■ DATA FOR THIS EXERCISE:
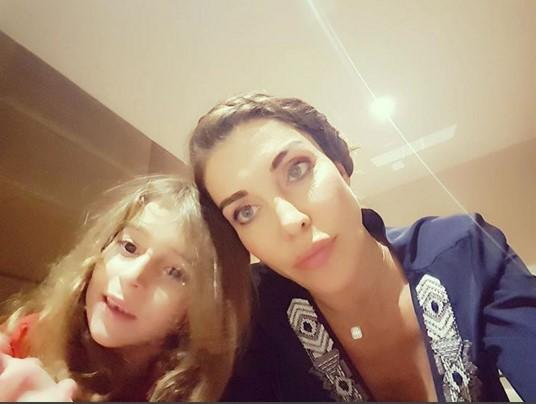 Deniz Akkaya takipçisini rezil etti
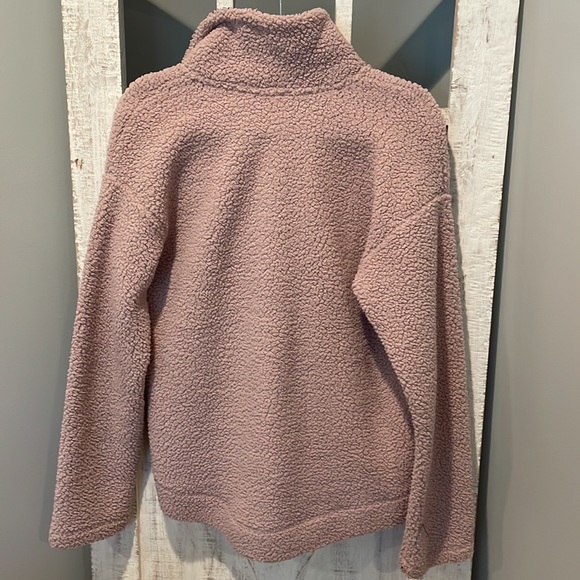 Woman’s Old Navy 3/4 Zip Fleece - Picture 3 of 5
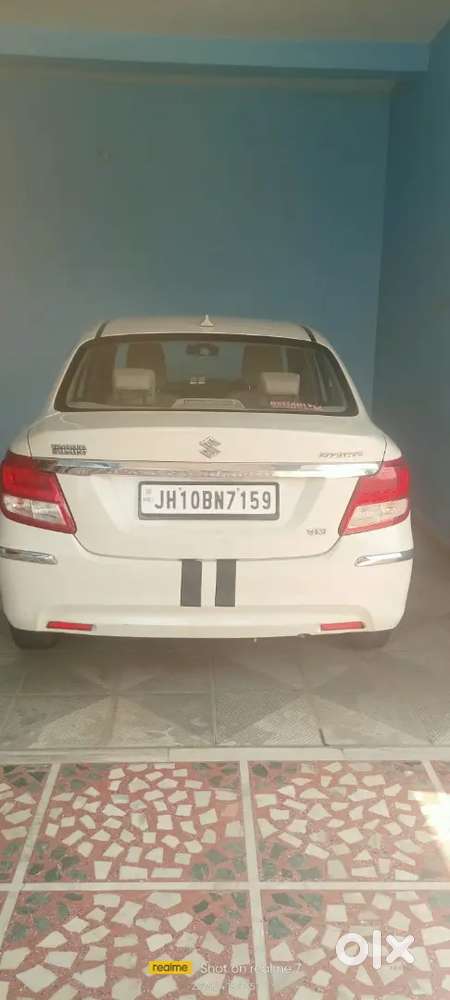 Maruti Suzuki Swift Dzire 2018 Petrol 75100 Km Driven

* * *

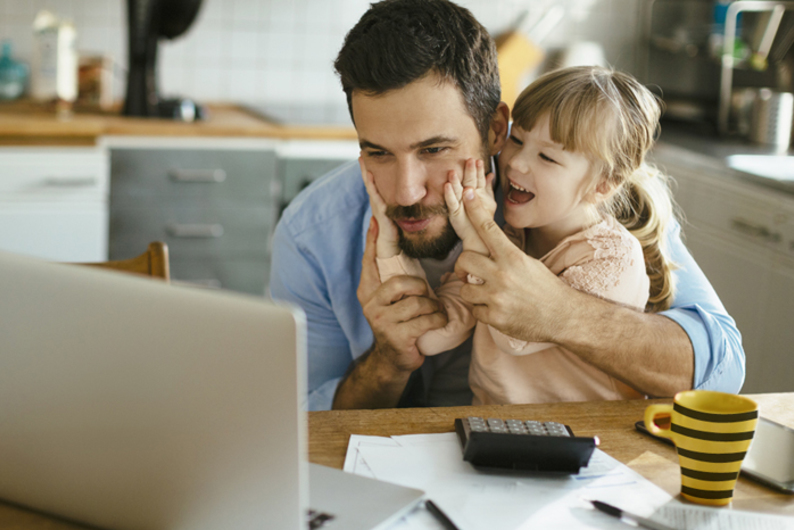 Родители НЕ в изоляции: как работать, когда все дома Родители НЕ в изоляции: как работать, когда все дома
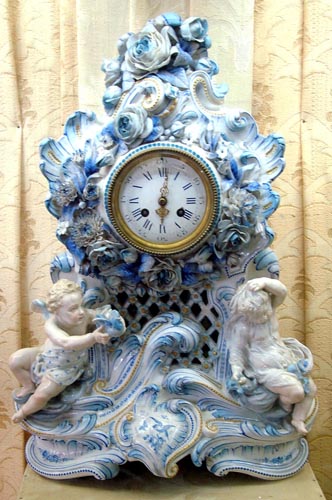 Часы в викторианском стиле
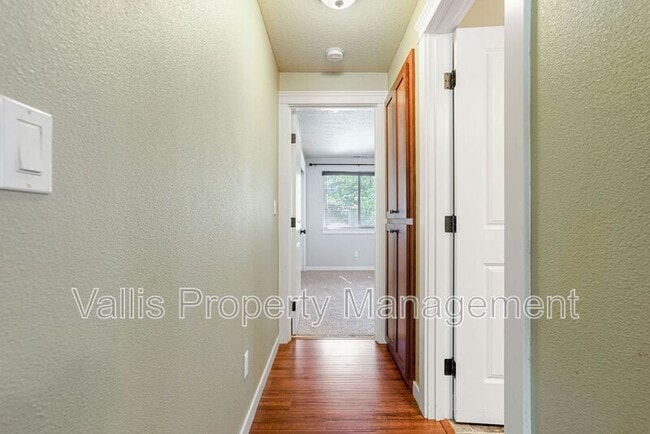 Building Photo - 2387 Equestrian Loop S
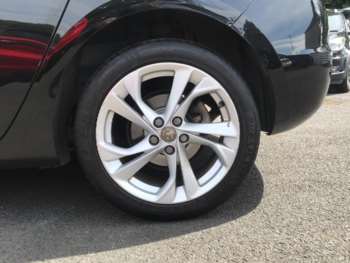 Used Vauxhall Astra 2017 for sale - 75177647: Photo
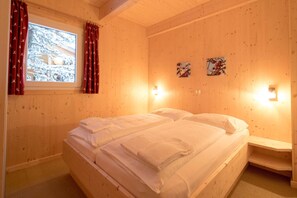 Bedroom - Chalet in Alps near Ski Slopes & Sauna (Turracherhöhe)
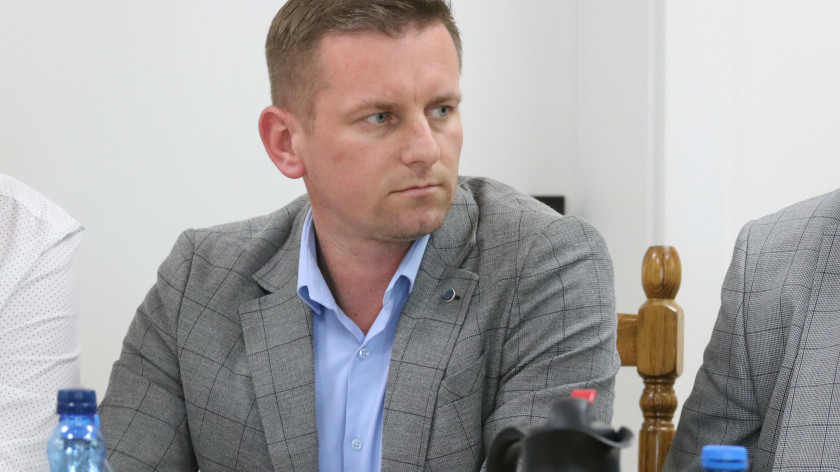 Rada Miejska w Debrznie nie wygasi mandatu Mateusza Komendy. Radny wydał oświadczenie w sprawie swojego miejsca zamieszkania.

■ ASSIGNED TASK: The material above holds pictures; leave them out. Repeat exactly the lines from the one containing "Building Photo - 2387 Equestrian Loop S" through the one containing "Rada Miejska w", and nothing else.

■ TASK SOLUTION:
 Building Photo - 2387 Equestrian Loop S
 Used Vauxhall Astra 2017 for sale - 75177647: Photo
 Bedroom - Chalet in Alps near Ski Slopes & Sauna (Turracherhöhe)
 Rada Miejska w Debrznie nie wygasi mandatu Mateusza Komendy. Radny wydał oświadczenie w sprawie swojego miejsca zamieszkania.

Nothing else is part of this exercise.